図51)アシューリアン石器の分布(円の直径は発見されたハンドアックス数に比例)

(出典:ウィキメディア・コモンズ)

 最古のアシューリアン石器は、エチオピアのコンソ遺跡で発見された175万年前のものです。これは、ホモ・エレクトスが約200万年前に出現して少し後、以前に紹介したトゥルカナ・ボーイが生きていた160~150万年前の少し前の時代です。人類誕生間もない初期の時代に、我々の遠い祖先のホモ・エレクトスは、この様な高度で素晴らしい石器を作り始めていたのです。そして、アシューリアン石器は時代を経るごとに完成度を増しながら、約13万年前頃まで、約160万年もの長期間にわたって作り続けられる事になるのです。また、この石器を制作したホモ・エレクトスが、アフリカを出て世界に拡散するに従って各地に広がり、その分布範囲はアフリカからヨーロッパ・中東・インドにまで及び、近年はモンゴル・中国・韓国でも発見されています。約160万年もの長大な継続期間と広大な分布範囲は、アシューリアンが如何に繁栄した石器文化だったかを如実に示しています。


使途不明のハンドアックス

 この様に長く広範囲で使われ続けたアシューリアン石器ですが、驚いた事にその代表とも言うべきハンドアックスは、何に使われたのかその使用目的が不明で、前期旧石器考古学の最大の謎とも言われているのです。一般には、動物の解体や皮剥ぎに使われたとか、肉・骨・木・皮など多用途に使うスイス・アーミーナイフの様な多目的ツールと考えられています。しかし、獣皮や肉を切るという用途ではカミソリの様な鋭い刃をもつ小型剥片の方が使い易いし、骨を割って骨髄を取り出すには手のひら大のオルドワン型チョッパーで充分です。実際、ハンドアックスが出現した後も、原始的なオルドワン石器も同時に使い続けられているのです。

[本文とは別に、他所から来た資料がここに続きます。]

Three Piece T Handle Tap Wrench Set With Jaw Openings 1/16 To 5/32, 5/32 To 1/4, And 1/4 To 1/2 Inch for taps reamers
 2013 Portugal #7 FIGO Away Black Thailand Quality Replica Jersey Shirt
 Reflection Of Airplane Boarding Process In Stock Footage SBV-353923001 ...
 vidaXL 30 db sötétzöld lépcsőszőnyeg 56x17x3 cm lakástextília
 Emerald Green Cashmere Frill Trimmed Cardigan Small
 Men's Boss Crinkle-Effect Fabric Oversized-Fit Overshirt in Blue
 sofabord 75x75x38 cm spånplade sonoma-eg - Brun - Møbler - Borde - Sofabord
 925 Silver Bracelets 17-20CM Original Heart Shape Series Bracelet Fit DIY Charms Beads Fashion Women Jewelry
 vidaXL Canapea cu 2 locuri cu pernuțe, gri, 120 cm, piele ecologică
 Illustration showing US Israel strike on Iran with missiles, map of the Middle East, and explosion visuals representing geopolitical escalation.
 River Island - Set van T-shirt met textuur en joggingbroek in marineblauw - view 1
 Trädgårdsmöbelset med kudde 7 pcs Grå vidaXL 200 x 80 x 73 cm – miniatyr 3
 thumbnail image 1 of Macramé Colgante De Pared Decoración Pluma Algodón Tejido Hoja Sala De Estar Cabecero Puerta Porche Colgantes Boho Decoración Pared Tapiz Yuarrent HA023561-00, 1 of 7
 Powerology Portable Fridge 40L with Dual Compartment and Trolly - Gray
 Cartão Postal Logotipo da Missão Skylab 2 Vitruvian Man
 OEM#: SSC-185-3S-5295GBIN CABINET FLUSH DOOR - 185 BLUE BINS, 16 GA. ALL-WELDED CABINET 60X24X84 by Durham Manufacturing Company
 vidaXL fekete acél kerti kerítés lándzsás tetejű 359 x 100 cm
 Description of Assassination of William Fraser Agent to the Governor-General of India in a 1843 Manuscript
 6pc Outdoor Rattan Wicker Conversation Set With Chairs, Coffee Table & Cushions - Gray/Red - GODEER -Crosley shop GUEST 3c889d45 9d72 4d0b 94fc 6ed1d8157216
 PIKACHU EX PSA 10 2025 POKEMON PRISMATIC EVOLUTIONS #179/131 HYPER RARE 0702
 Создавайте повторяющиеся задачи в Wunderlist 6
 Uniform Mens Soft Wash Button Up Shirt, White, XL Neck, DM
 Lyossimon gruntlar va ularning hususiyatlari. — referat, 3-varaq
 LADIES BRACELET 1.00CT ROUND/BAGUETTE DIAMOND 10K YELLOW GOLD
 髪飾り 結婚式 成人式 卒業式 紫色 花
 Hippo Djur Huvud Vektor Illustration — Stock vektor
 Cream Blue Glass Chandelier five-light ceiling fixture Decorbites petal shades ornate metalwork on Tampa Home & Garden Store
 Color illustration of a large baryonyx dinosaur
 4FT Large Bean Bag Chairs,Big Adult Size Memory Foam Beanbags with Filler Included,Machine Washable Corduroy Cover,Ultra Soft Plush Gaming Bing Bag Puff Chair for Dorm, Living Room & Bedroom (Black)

図52)オールドヴァイ峡谷出土の100万年以上前のハンドアックス

(出典:ウィキメディア・コモンズ)

 使用目的が良く分からないから、多用途に使った事にしようと言うのでは、悪い冗談と言う他有りません。挙句の果てには、あの有名なハンディキャップ理論を応用して、出来の良いハンドアックスは男性が結婚相手として相応しい優れた遺伝形質を持つ事を女性に示すための孔雀の羽の様なものだったという説や、貨幣代わりの交換用の商品だったと言う説まで飛び出す始末なのです。どうも現代の学者というのは、頓知が利かないと仕事にならない様です。

 実は意外な事ですが、ハンドアックス(握斧)はその名前とは裏腹に、手に握って使う石器で無い事ははっきりしているのです。というのも、ハンドアックスには全周にわたって鋭い刃が付けられているからです。もし図52)の様に、握って手斧の様に使おうものなら、手が血だらけになってしまいます。つまり、ハンドアックスは手に握って何か作業する様には初めから作られていないのです。

  この様な使途不明のハンドアックスに対して、アシュール文化ではクリーバー(肉切包丁)と呼ばれる特徴的な両面加工の石器も多く出土しています。この石器では斧の様に主軸とほぼ直角に直線的な広い刃が付き、分厚い基部は手で握るのに都合の良い形に作られています。この石器なら、動物の解体や骨の破砕、木の切削にも便利に使えたでしょう。このように、アシュール文化を特徴付ける2種類の石器の内、クリーバーはその用途や使い方が容易に推測可能なのに、ハンドアックスの方は様々な用途に使ったのだろうと言うだけで、納得のできる説明がなされていないのです。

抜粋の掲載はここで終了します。